> Exercise directions:
Write out the data again exactly, skipping every picture.

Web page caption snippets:
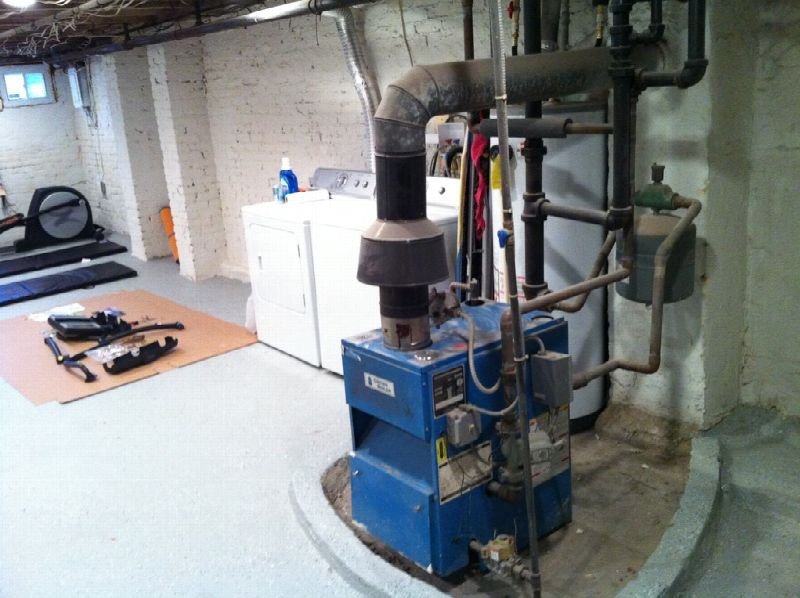 Furnace and boiler equipment in a mechanical room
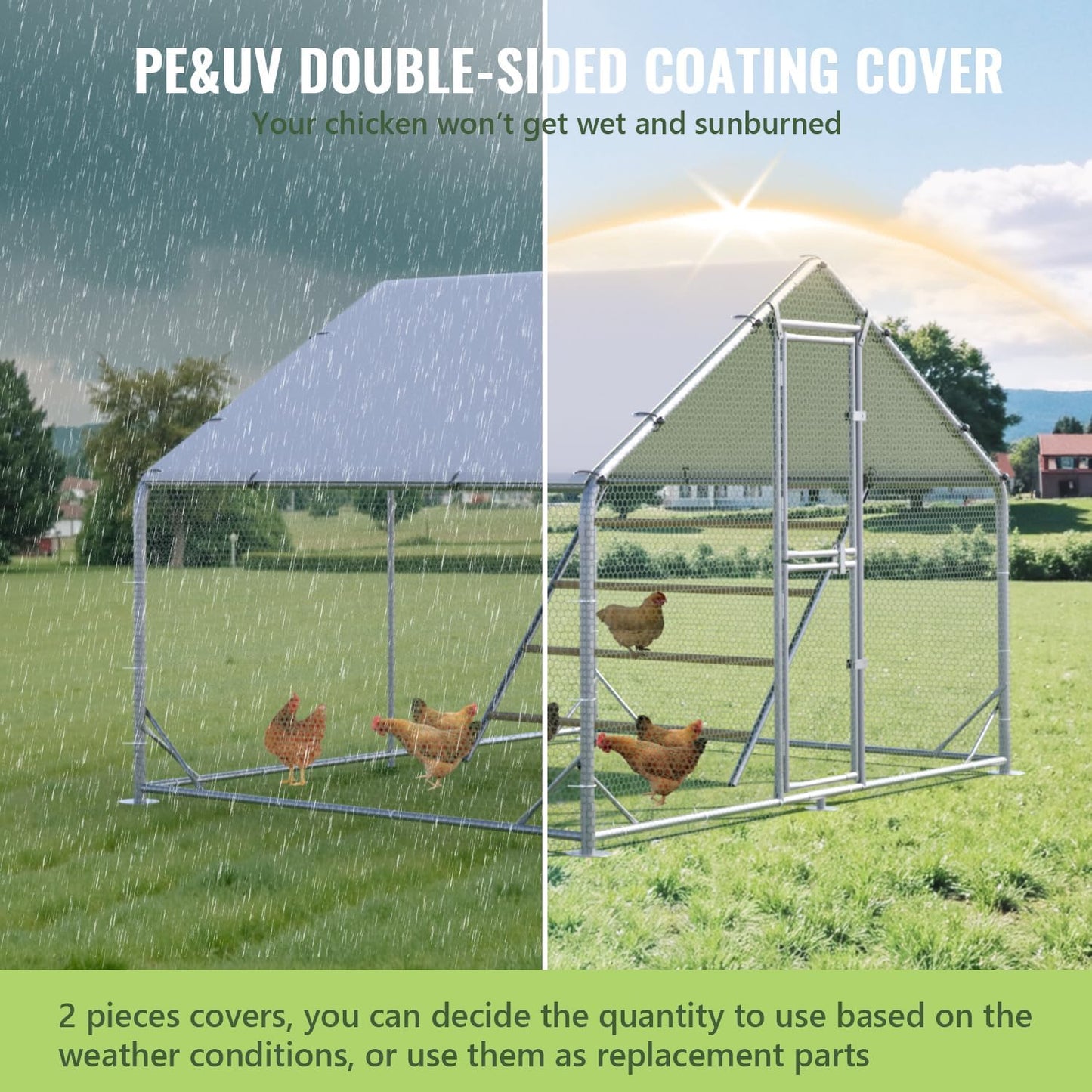 Large Metal Chicken Coop, 10x6.5x6.5FT Chicken Runs for Yard with Cover,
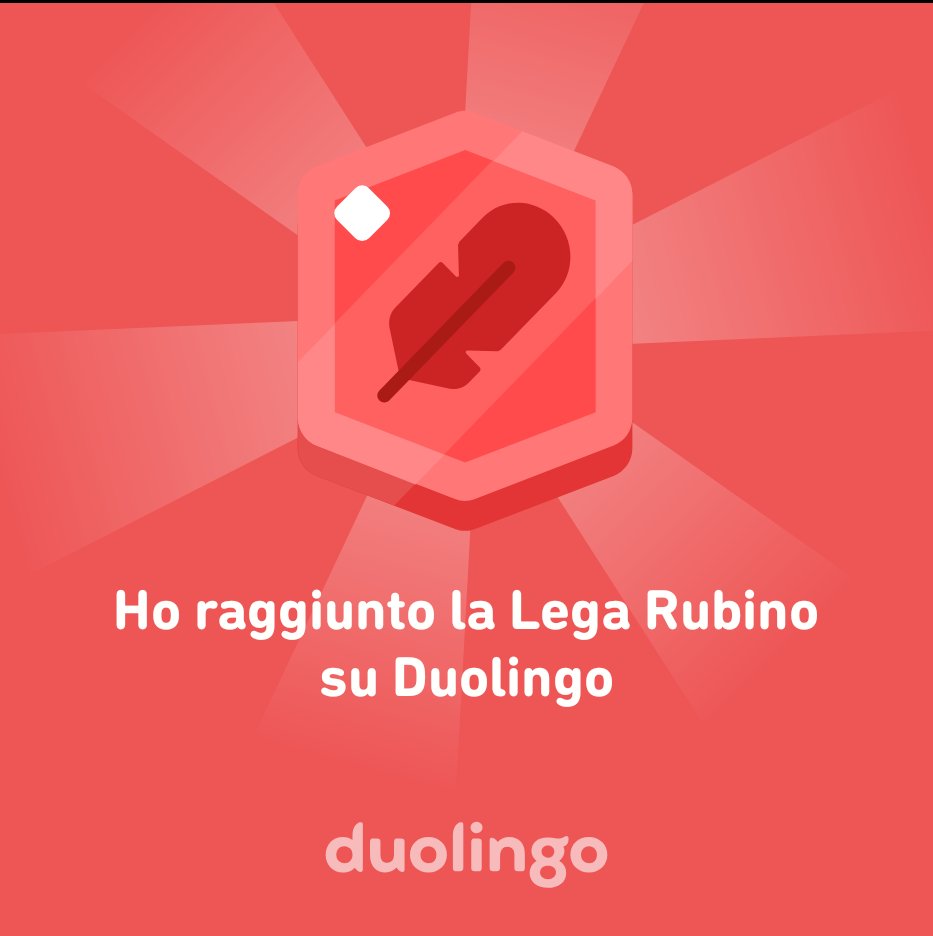 donatelladony's tweet photo. Ho raggiunto la Lega Rubino su Duolingo https://t.co/VrSz1bvrDn
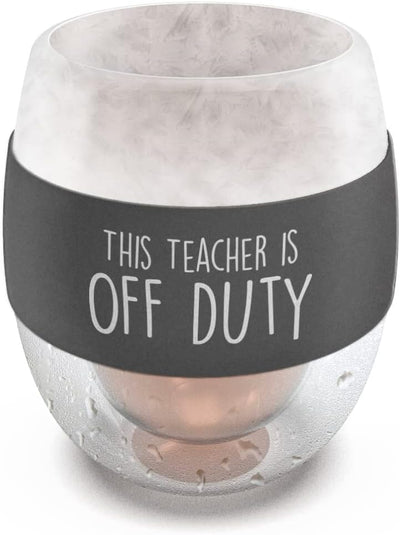 Teacher Appreciation Freezer Stemless Wine Glass Gift for Teacher Off Duty Frozen Wall Insulated Chiller Cup for Ice-Cold Drinks (Gift for Christmas/Birthday/End of Year)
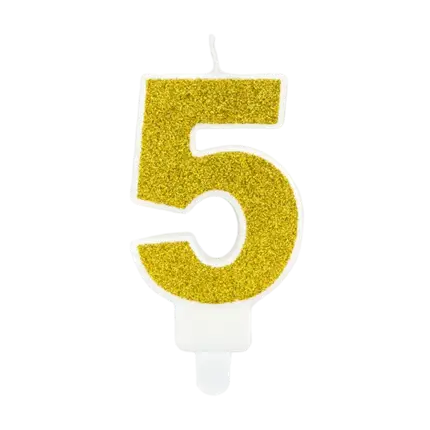Bougie Anniversaire chiffre 5 or
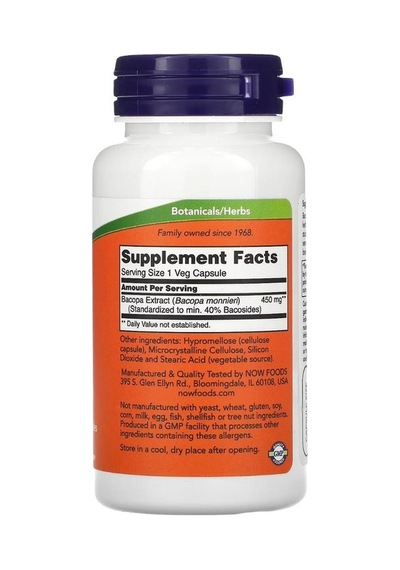 Now Foods Bacopa Extract 450 Mg 90 Kapsül
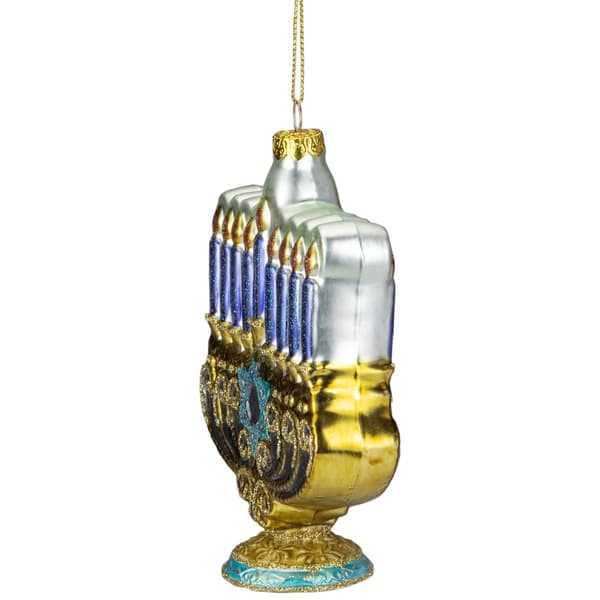 Northlight Seasonal Menorah Glass Hanukkah Ornament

> Response:
 Furnace and boiler equipment in a mechanical room
 Large Metal Chicken Coop, 10x6.5x6.5FT Chicken Runs for Yard with Cover,
 donatelladony's tweet photo. Ho raggiunto la Lega Rubino su Duolingo https://t.co/VrSz1bvrDn
 Teacher Appreciation Freezer Stemless Wine Glass Gift for Teacher Off Duty Frozen Wall Insulated Chiller Cup for Ice-Cold Drinks (Gift for Christmas/Birthday/End of Year)
Bougie Anniversaire chiffre 5 or
 Now Foods Bacopa Extract 450 Mg 90 Kapsül
 Northlight Seasonal Menorah Glass Hanukkah Ornament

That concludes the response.